Kidney transplant, or not? Research to guide difficult decisions
August 27 2024 • 3 min read
Kidneys are vital to life. They filter waste and excess water out of the body and help maintain blood pressure.
So it’s a problem when kidneys aren’t able to do their job properly.
New research from Dr Georgina Irish focuses on complex decision-making in nephrology, the area of medicine focused on kidney health.
“Receiving a kidney transplant is often the best treatment for people with severe kidney disease – but not everyone will benefit,” says Dr Irish, a Transplant Nephrologist in the Central and Northern Adelaide Renal and Transplantation Service at the Royal Adelaide Hospital.
“My research aims to help doctors and patients make decisions about kidney health, including whether an individual should stay on dialysis or seek a kidney transplant.”
For submission in November 2024, her PhD research project is titled Decision Making in Kidney Transplantation.
Dialysis versus transplant
Around 25,000 Australians have kidney disease severe enough to require dialysis or transplantation.
For patients with severe kidney disease, dialysis treatment can replace some of the functions kidneys normally perform. Alternatively, transplantation surgery replaces a diseased kidney with a healthy, donated organ.
Population-level data shows kidney transplantation improves survival. But although health gains are clear for most patients, this is not true for all patients with kidney disease.
“When you have severe kidney disease, sometimes it can be really tricky to make a decision about having a kidney transplant or not – and in turn, whether to accept a specific kidney if one becomes available at short notice,” Dr Irish says.
“My work aims to help patients (and their doctors) feel more confident about what the outcome of a particular decision will be for them as an individual.”
The value of data
In her PhD, Dr Irish worked with de-identified data in the Australia and New Zealand Dialysis and Transplant Registry (ANZDATA), a registry that collects and produces statistics on treatment outcomes of those with kidney failure.

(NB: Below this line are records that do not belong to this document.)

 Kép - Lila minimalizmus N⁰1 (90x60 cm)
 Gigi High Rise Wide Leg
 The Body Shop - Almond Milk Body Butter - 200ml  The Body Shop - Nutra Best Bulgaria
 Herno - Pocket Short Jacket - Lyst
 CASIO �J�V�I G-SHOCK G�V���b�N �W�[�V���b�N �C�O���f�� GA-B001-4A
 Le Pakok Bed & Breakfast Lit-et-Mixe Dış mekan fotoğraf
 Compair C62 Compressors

“My work applied de-identified data from thousands of patients to help us better understand risks of certain decisions in kidney disease,” Dr Irish says.

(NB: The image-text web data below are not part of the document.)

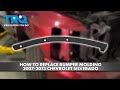 How to Replace Bumper Molding 2007-2013 Chevrolet Silverado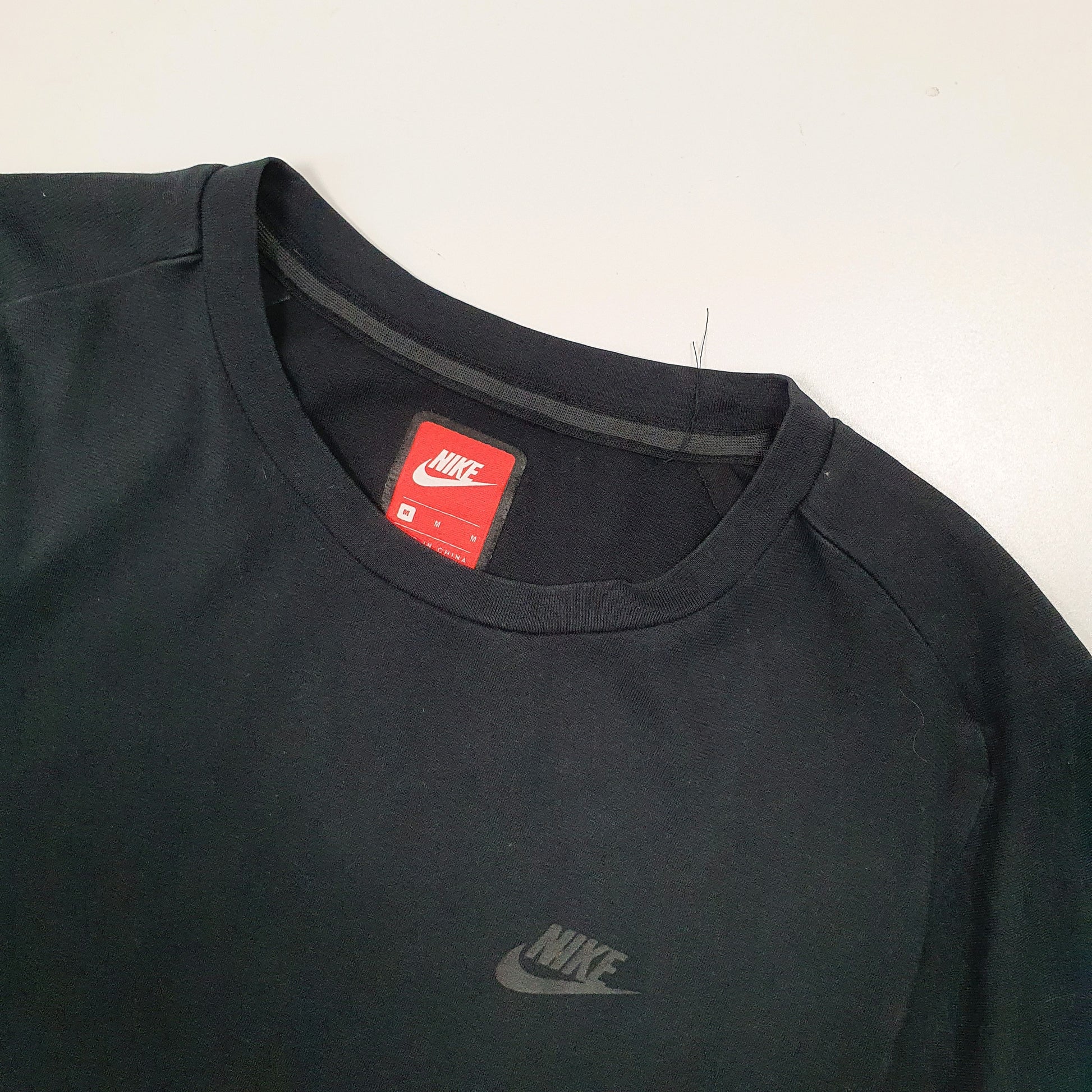 Nike Short Sleeve T Shirt Black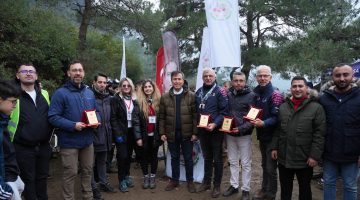 ATATÜRK GENÇLERİ ENDURO DAĞ BİSİKLETİ İNİŞ YARIŞMASI NEFES KESTİ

“We also generated a model that can predict whether a specific patient is likely to live longer or experience better health after a transplant, as compared to sticking with dialysis,” Dr Irish says.

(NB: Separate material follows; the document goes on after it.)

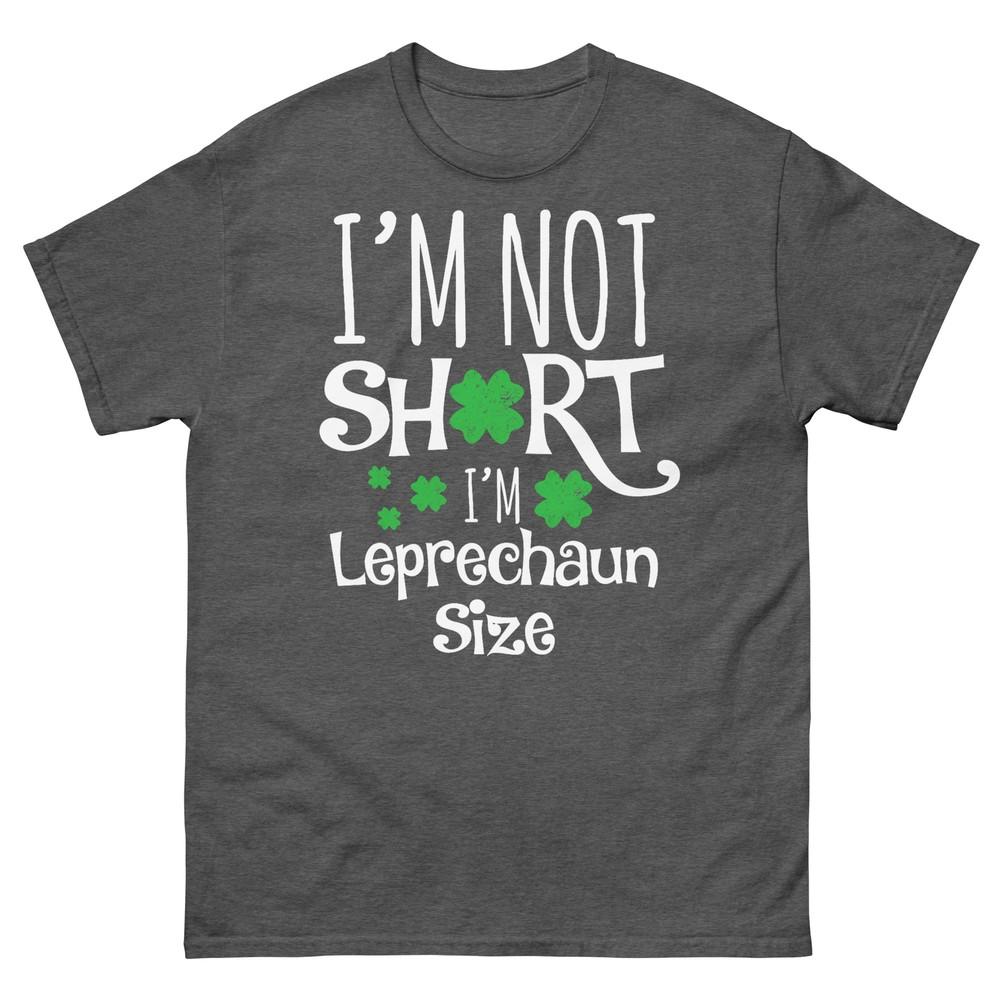 Funny Leprechan Size St Patricks Day Unisex Unisex TShirt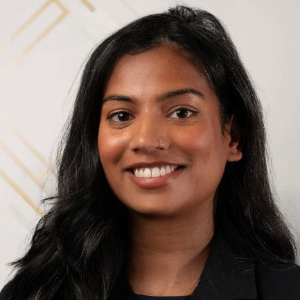 legal expert Ajantha Brabaharan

“The next steps are to further validate the models and ensure they’re suitable for use in hospitals.”
Read the research
Dr Irish has published several journal articles based on her recent work:
- Should You Accept What Others Reject?
- Cancer post kidney transplant: the question of risk
- The kidney failure risk equation predicts kidney failure: Validation in an Australian cohort
- Temporal validation of the Australian estimated post-transplant survival score
- Do patient decision aids help people who are facing decisions about solid organ transplantation? A systematic review
- Association of Admission, Nadir, and Terminal Donor Creatinine With Kidney Transplantation Outcomes
- The living kidney donor profile index fails to discriminate allograft survival: implications for its use in kidney paired donation programs
She also recently published an analysis of management of kidney care in Oceana and South East Asia.